**Assignment**
I'd like an exact copy of only the lines from the start of the listing below through the line that holds "Nfl X Darius". Please keep the pictures out.

-=-=-

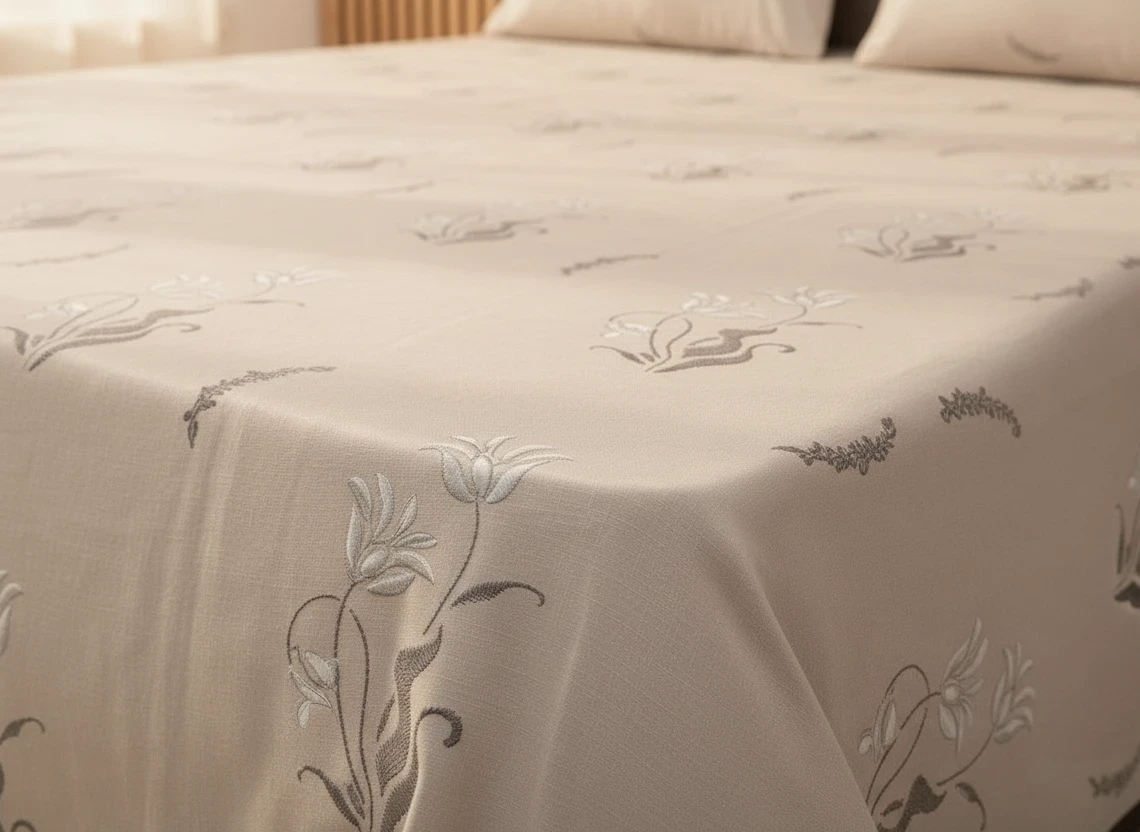 AthSVi Alayam beige cotton bed sheet set featuring a delicate white and grey botanical floral pattern on a soft fabric.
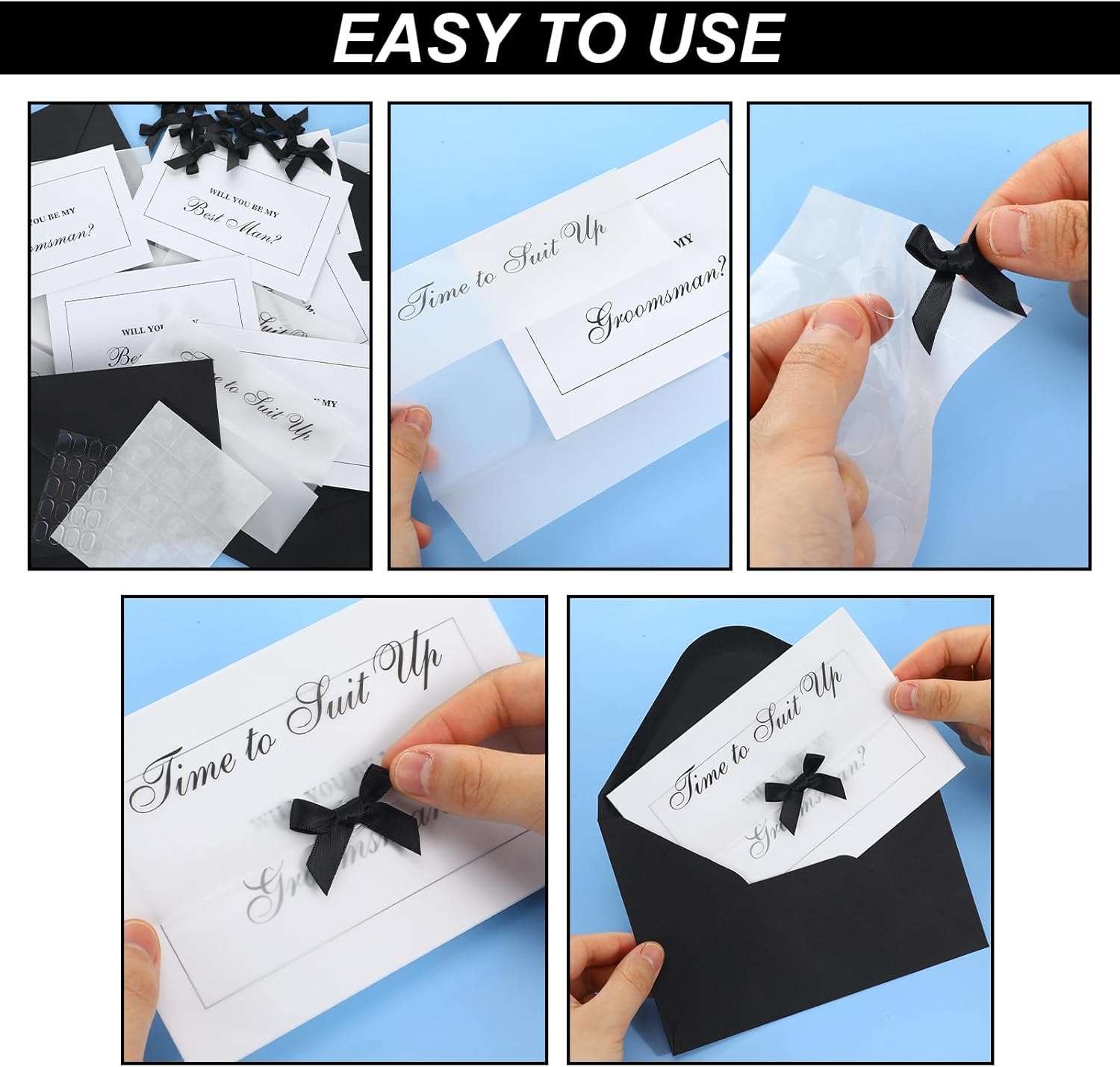 Sets of 12 Groomsman Proposal Card 8 Will You Be My Groomsmen Cards 4 Will You Be My Best Man Suit up with Black Envelopes Wedding Proposal Invites for Best Man & Bridal Party - Image 7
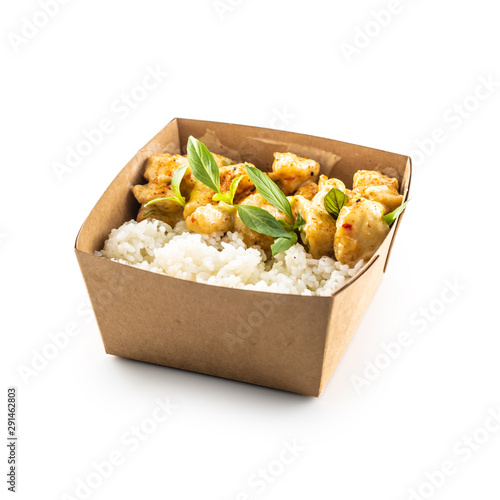 Japanese asian meal in a box of recycled paper isolated on white background.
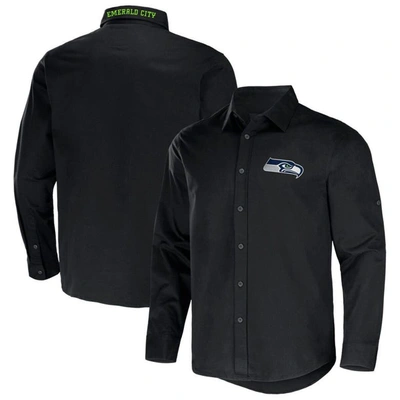 Nfl X Darius Rucker Collection By Fanatics Black Seattle Seahawks Convertible Twill Long Sleeve Butt
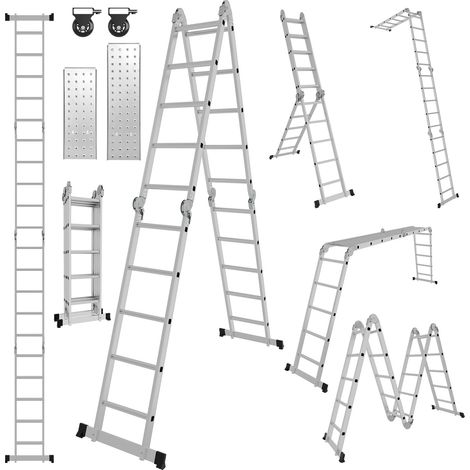 TolleTour Escalera multiposición 7 en 1 de aluminio, 4x5 peldaños, aprox. 582 cm / 5,8 m, plegable, 2 plataformas + 2 ruedas, carga máxima 150 kg (1/5)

-=-=-

**Written solution**
 AthSVi Alayam beige cotton bed sheet set featuring a delicate white and grey botanical floral pattern on a soft fabric.
 Sets of 12 Groomsman Proposal Card 8 Will You Be My Groomsmen Cards 4 Will You Be My Best Man Suit up with Black Envelopes Wedding Proposal Invites for Best Man & Bridal Party - Image 7
 Japanese asian meal in a box of recycled paper isolated on white background.
 Nfl X Darius Rucker Collection By Fanatics Black Seattle Seahawks Convertible Twill Long Sleeve Butt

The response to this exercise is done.